March 07, 2004

Wasting time on micro-optimizations

Richard Schaut writes about an appallingly stupid interview question -- asking the candidate to explain what this line of code does:

a ^= b ^= a ^= b;

As Richard explains, the question is stupid because the expression is undefined. The resulting code may do anything from swap a and b to cause a butterfly's wings to flap in China; either behavior would be correct.

That's only sort of the point, though. You'd only write this line if you were trying to swap two variables and you figured that this would be faster than creating a temporary variable to store one in while you copied the other. Richard mentions that a modern compiler will optimize things well enough that the temporary variable solution may actually be faster, so you wouldn't be helping things at all.

Even that's not the point. The point is that a good programmer shouldn't even think about optimizing something like this in the first place. Lots of people have their own favorite tricks -- things like ++i being faster than i++, or macros being faster than function calls. Cute as those kinds of things may be, they sacrifice readability and provide an insignificant performance win.

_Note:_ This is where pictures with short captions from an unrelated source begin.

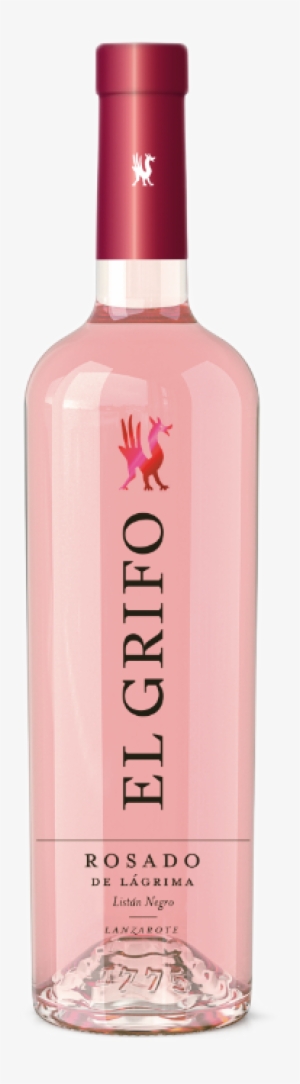 Rosado De Lagrima - Grifo Lanzarote Rosado Listan Negro #2271523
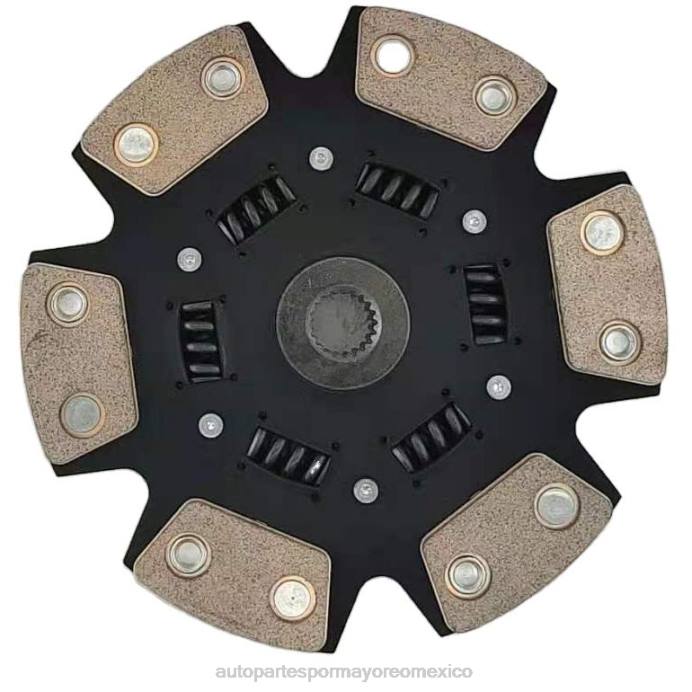 autopartes México - kits de embrague ca1675r cd4187cb6 n1716sa ZP2F233 CHEVROLET
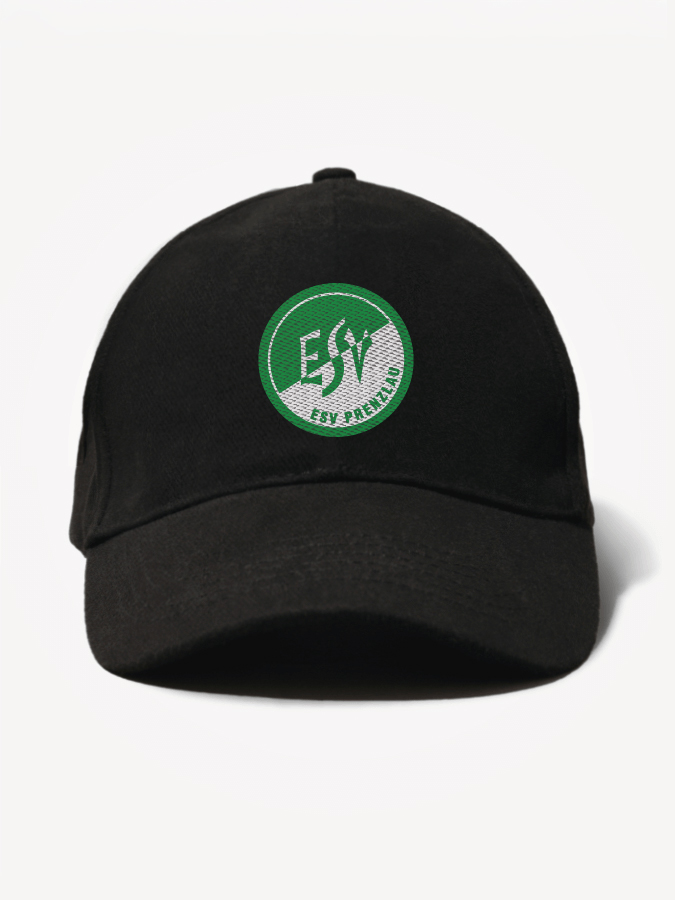 Basecap 5 Panel Sticklogo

If you're coding for performance, you should figure out what's slow before worrying about tweaking your code. Find the scenario that should be faster, measure it, and see what's slow. I bet it won't be variable copying. In most cases, it'll either be algorithmic or architectural. Either you're using an inefficient algorithm to accomplish a task that could be done faster in a different way or part of your application's design forces you to do things slowly. Correcting those problems will give you far greater performance gains than any cascading series of xors ever could.

All of this is at the forefront of my mind right now because I've been spending some of my free time over the past few weeks helping out with a new version of an internal application that has some performance issues. Everyone knew it felt slow, but nobody sat down to measure it. I did, and the first thing that jumped out was that it spent far too long getting strings out of XML data. How long? Well, the algorithm it was using looked like this and was invoked many times for every new document:

 Walk through all children of the current node to count them
 for i = 1 to numChildren
 	Walk through all children until we get to child i
 	Get the text of child i
They had a function elsewhere that would apply another function to all children of a node. With that, rather than walking through all of the children and then repeating that again for every child, they could just do it once. I quickly wrote the code, measured it again, and ended up with a performance improvement of more than 10x for my test case. A document that previously took more than three minutes to open now opens in about fifteen seconds. You'd be hard-pressed to get a similar improvement from any sort of micro-optimization.

That isn't to say that micro-optimizations are never useful. If you call a three-line function millions of times, your code will be faster if you inline the function instead of calling it as a real function. But you'll probably get a much bigger win if you call the function half as often instead...and you shouldn't waste your time at all unless you know that calling the function is affecting your application's performance in the first place.